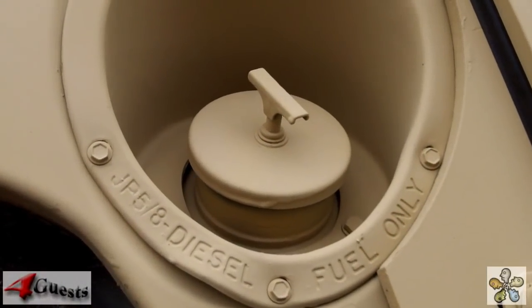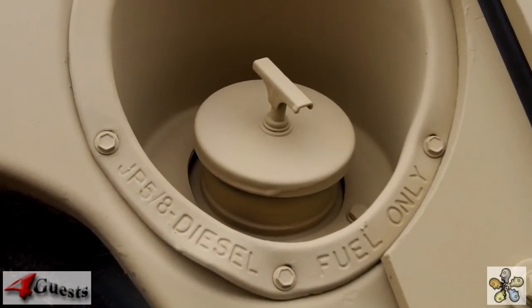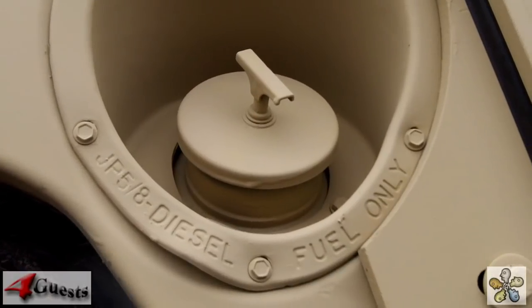Is that a special diesel fuel? It's a JP5/8 diesel fuel only.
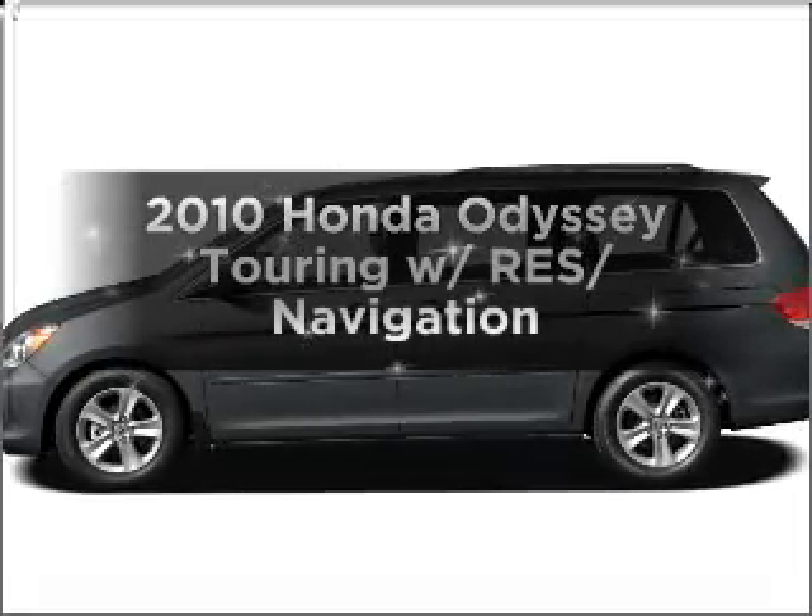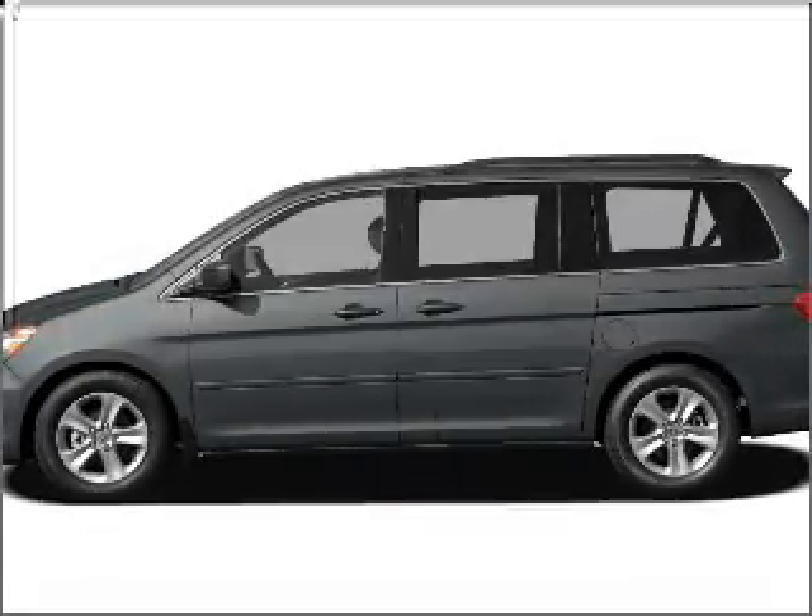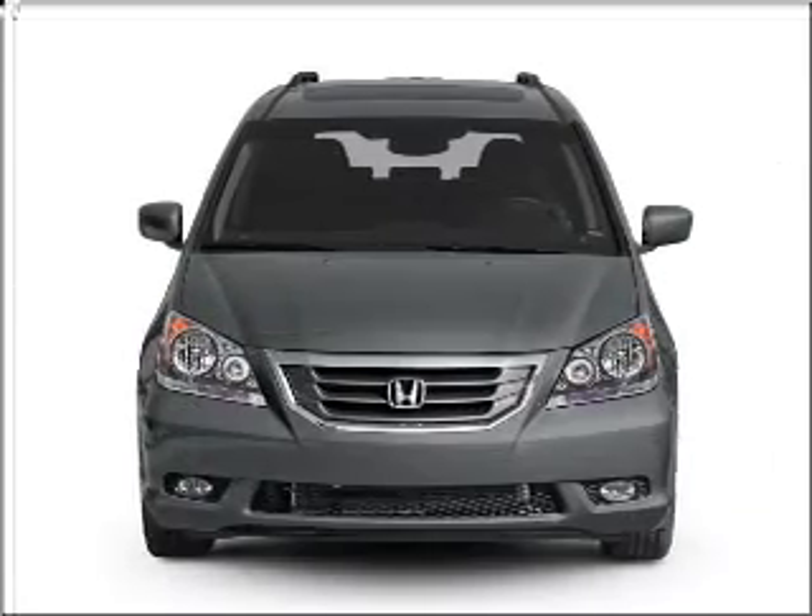Imagine yourself in this 2010 Honda Odyssey. Everything you need under one roof with this great vehicle.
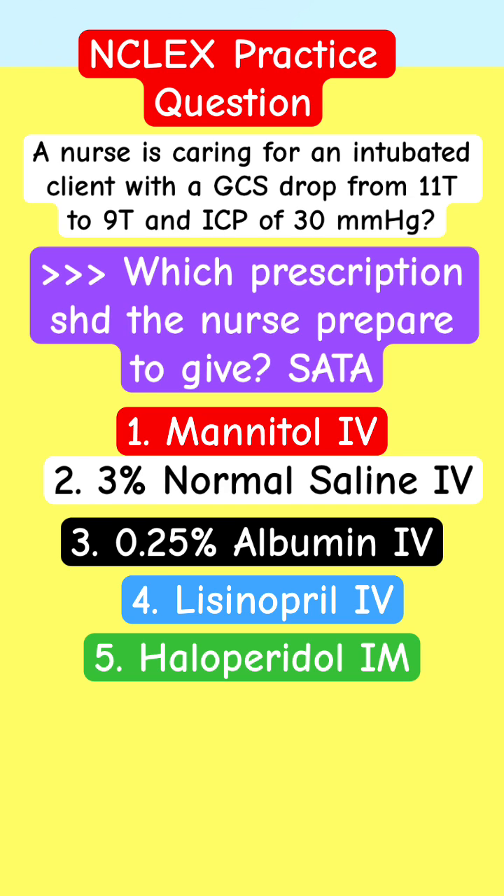A nurse is caring for an intubated client with a GCS drop from 11T to 9T, an ICP of 30. Which prescription should the nurse prepare to give? Select all that apply.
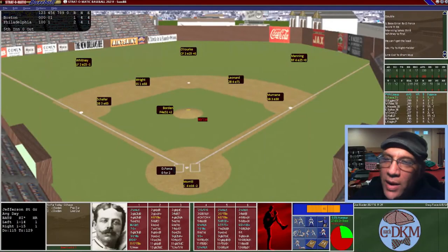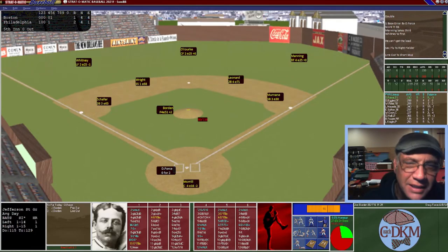We make some defensive substitutions: Whitney moves to left field and we bring in a new catcher — Morrill — who played most of the season. McKinley was clearly struggling and we did not want to continue having those woes, so we made the switch at catcher as we enter the bottom of the fifth.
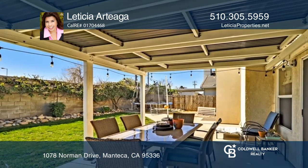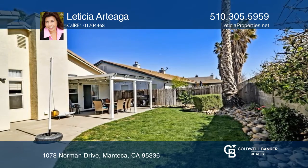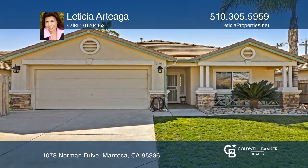Finally, enjoy your quaint backyard ideal for outdoor entertaining, gatherings and relaxing. Leticia Artiga can tell you more.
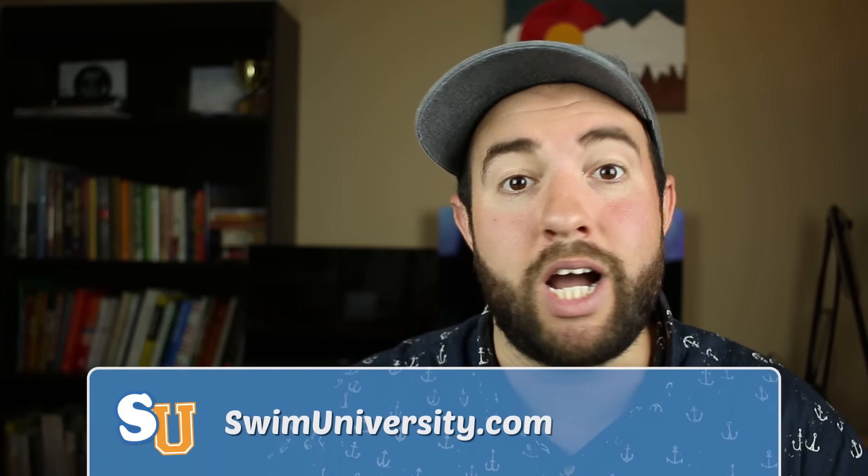You can also go to swimuniversity.com for more information. So that's it. Thanks again, and happy swimming.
● ● ● ●
Could you write out exactly the lines from the line containing "Imagine yourself in" to the end of the material, and nothing else? No pictures belong in the copy.

Imagine yourself in this 2010 Honda Odyssey. Everything you need under one roof with this great vehicle.
A nurse is caring for an intubated client with a GCS drop from 11T to 9T, an ICP of 30. Which prescription should the nurse prepare to give? Select all that apply.
We make some defensive substitutions: Whitney moves to left field and we bring in a new catcher — Morrill — who played most of the season. McKinley was clearly struggling and we did not want to continue having those woes, so we made the switch at catcher as we enter the bottom of the fifth.
Finally, enjoy your quaint backyard ideal for outdoor entertaining, gatherings and relaxing. Leticia Artiga can tell you more.
You can also go to swimuniversity.com for more information. So that's it. Thanks again, and happy swimming.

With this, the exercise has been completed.